Yukon Information and Privacy Commissioner
News Release: City Council looking at enlisting drones to ease the burden of bylaw enforcement
Wed, Jul 25, 2018
FOR IMMEDIATE RELEASE
July 25, 2018
City Council is now looking at enlisting drones as an option to ease the burden of bylaw enforcement
WHITEHORSE – Residents and visitors go about their daily routine in Whitehorse with a reasonable expectation of privacy. That may change however, if City Council is successful at enlisting drones, also called unmanned air vehicles (UAVs), as an option to ease the burden of bylaw enforcement.
Residents may not be aware that the City of Whitehorse is not subject to Yukon’s Access to Information and Protection of Privacy Act (ATIPP Act). Nor the Personal Information Protection and Electronic Documents Act (PIPEDA) which is a Federal privacy law.

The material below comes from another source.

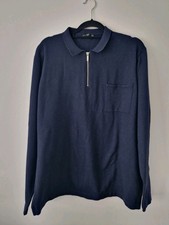 Men's F F Polo Neck Jumper Long Sleeve Jersey Sweater Size 2XL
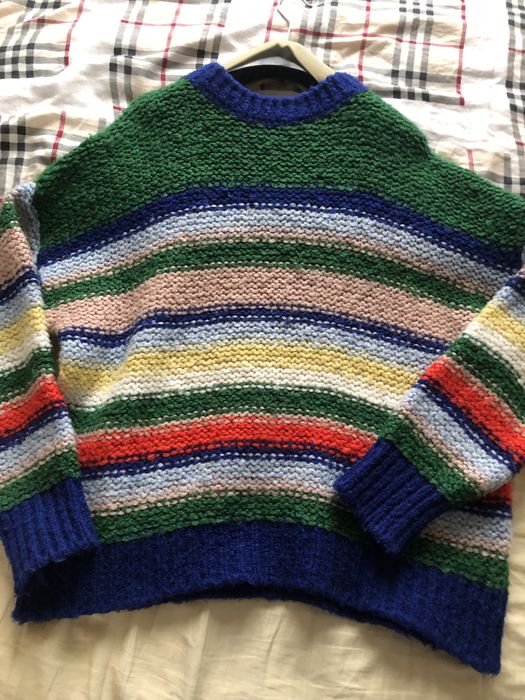 Многоцветен пуловер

The ATIPP Act gives individuals a right to access their personal information held by public bodies in Yukon, limits the personal information they may collect and how it may be used, and mandates other privacy and security measures. PIPEDA applies to personal information of municipal employees in the territories, but is unlikely to cover the personal information of others collected by City of Whitehorse drones.
Even if ATIPP or PIPEDA did apply, the lack of transparency around what a drone is recording, at any given time, hinders accountability. It’s difficult to make a complaint when you don’t know what personal information is being collected. The Federal Aeronautics Act regulates drone use but only in relation to safety. It does not speak to the pervasive privacy implications.
Risks to privacy are created when public officials decide to use privacy invasive technology, such as drones, to conduct their work without balancing the benefits of such use against the privacy rights of individuals. I strongly encourage the City to undertake this analysis and publicize the results.
One step toward reducing these risks would be for municipalities to be made subject to the ATIPP Act. As technologies progress and present ever-changing challenges, individuals deserve recourse to ensure their privacy is protected.
The Information and Privacy Commissioner is an independent officer of the Yukon Legislative Assembly.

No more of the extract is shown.